* [Supplied records]:
========

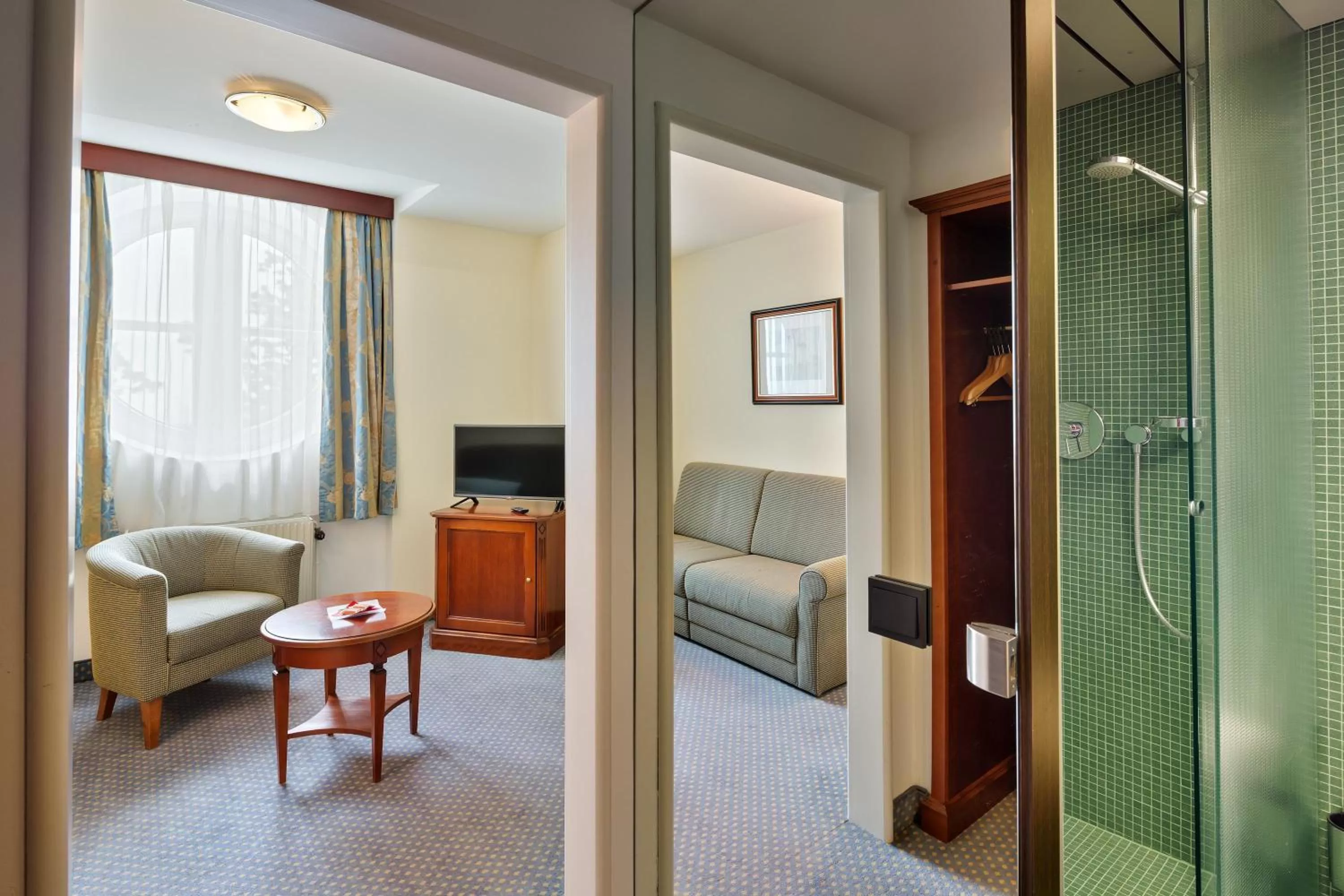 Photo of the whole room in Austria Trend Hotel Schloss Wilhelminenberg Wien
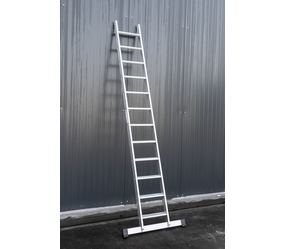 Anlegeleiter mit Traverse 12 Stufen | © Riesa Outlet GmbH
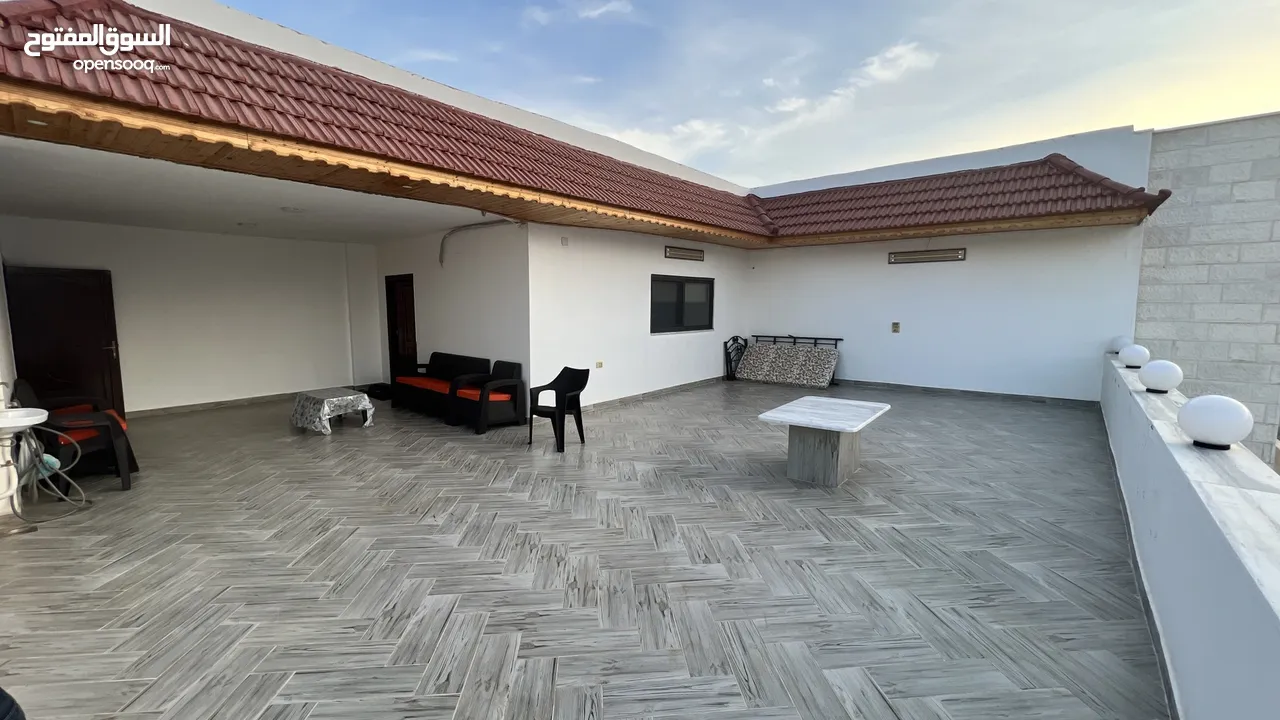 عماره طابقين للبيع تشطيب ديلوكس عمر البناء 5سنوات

========

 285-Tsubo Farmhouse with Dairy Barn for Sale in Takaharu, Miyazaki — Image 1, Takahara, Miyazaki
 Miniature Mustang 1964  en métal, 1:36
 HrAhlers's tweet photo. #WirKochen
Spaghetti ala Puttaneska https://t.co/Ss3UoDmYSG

========

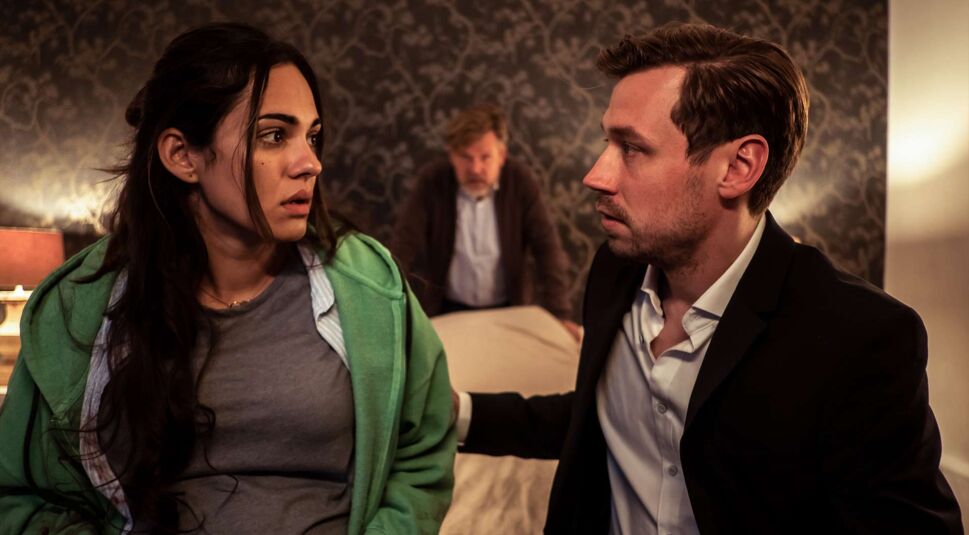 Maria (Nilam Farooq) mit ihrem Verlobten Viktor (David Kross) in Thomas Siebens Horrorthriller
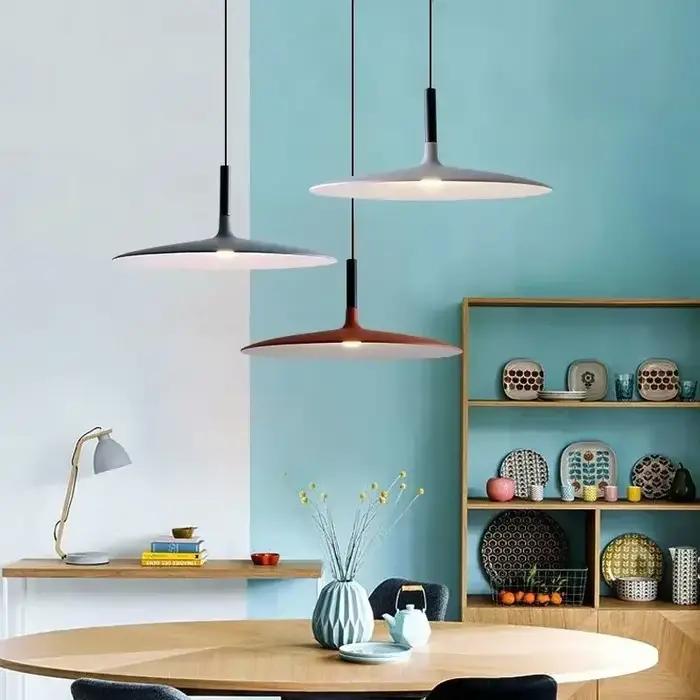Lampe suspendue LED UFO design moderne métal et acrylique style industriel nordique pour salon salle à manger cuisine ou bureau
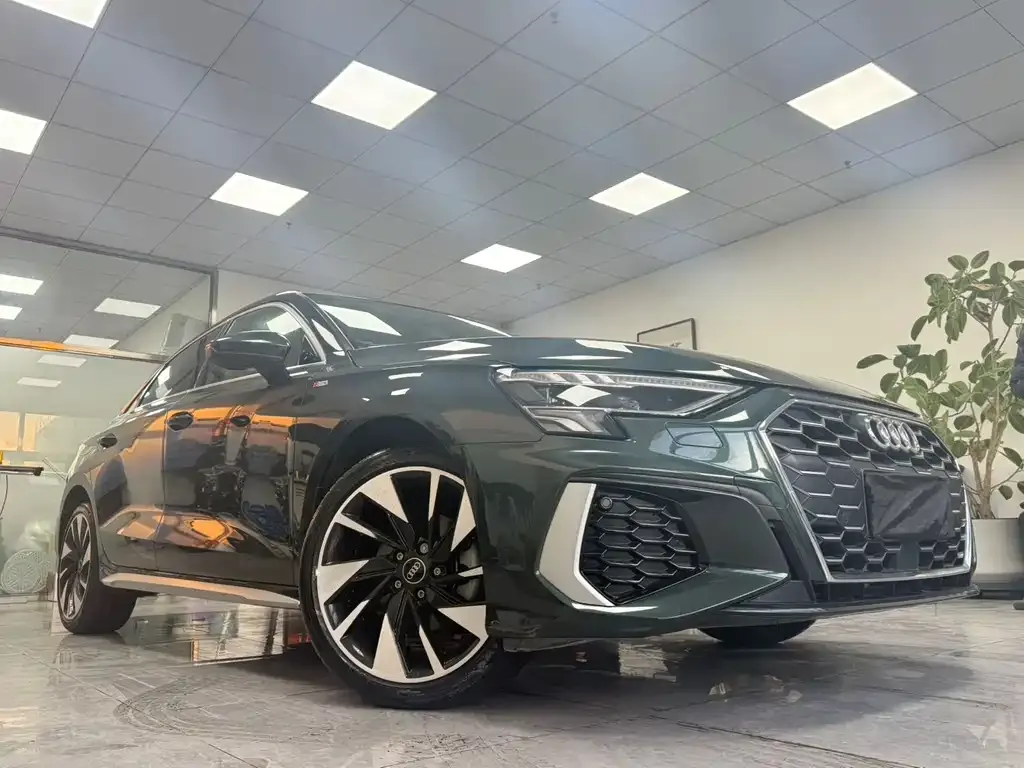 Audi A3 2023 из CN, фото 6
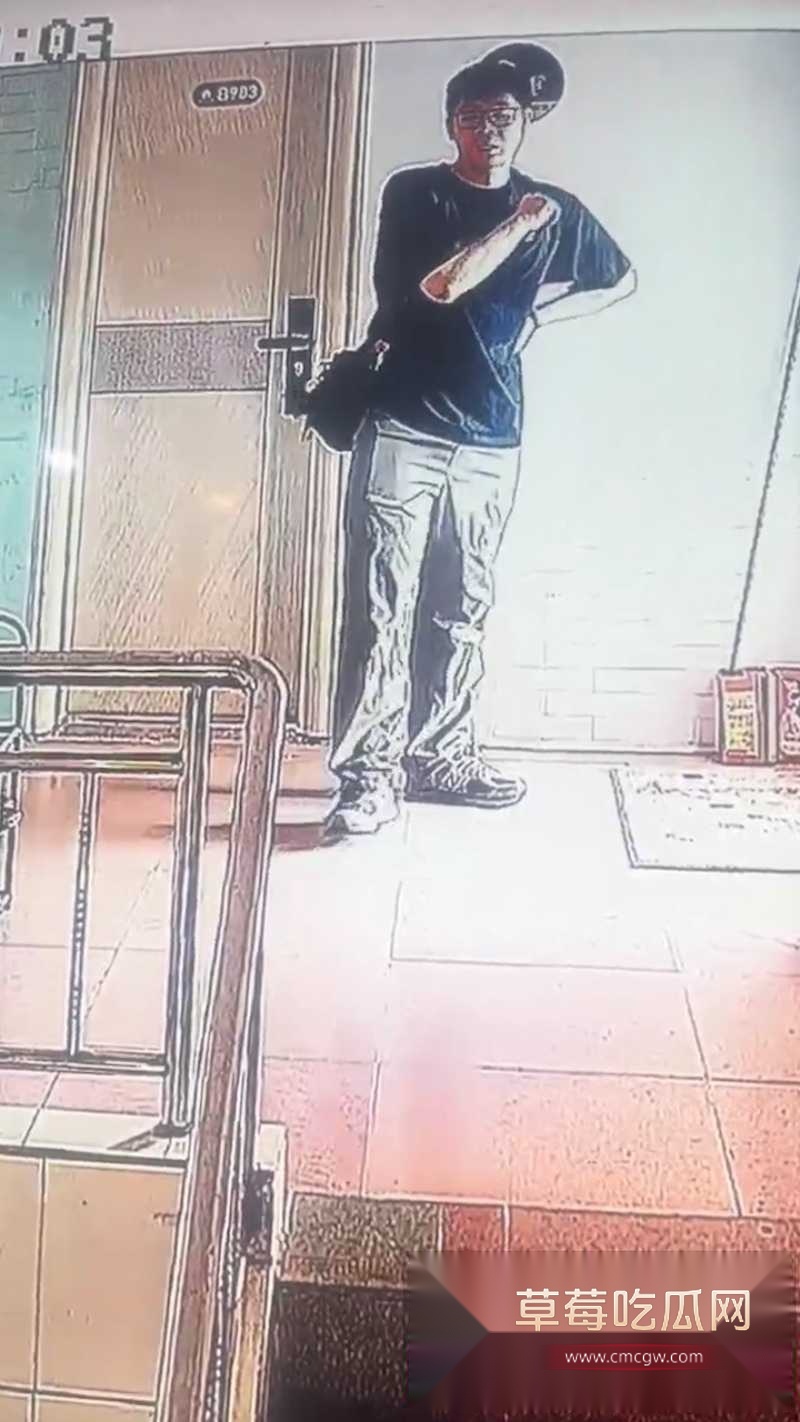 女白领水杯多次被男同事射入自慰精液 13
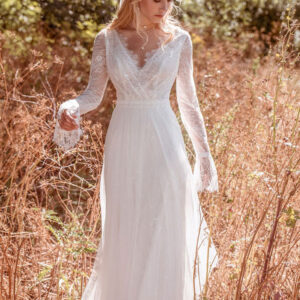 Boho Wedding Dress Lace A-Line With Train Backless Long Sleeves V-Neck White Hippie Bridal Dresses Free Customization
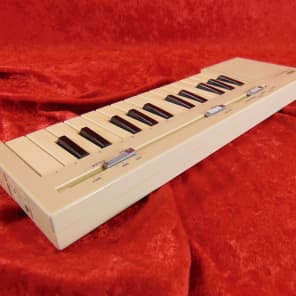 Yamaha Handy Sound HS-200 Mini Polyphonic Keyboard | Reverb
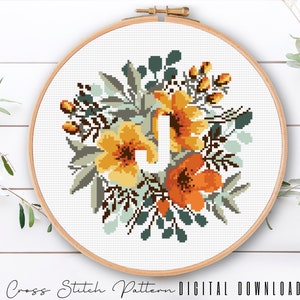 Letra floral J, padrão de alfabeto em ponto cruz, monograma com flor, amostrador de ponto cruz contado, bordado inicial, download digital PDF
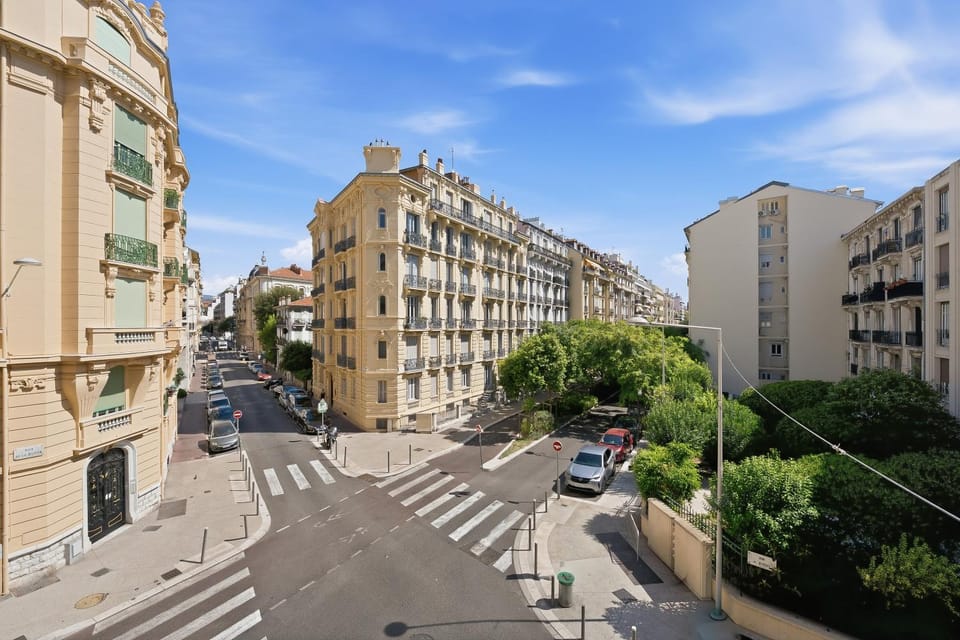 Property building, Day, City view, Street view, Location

========

* [What to do]:
Set down again, exactly, every line above from the one with "Photo of the" down to the one with "عماره طابقين للبيع", both ends included. No pictures, and nothing else.

* [Your response]:
 Photo of the whole room in Austria Trend Hotel Schloss Wilhelminenberg Wien
 Anlegeleiter mit Traverse 12 Stufen | © Riesa Outlet GmbH
 عماره طابقين للبيع تشطيب ديلوكس عمر البناء 5سنوات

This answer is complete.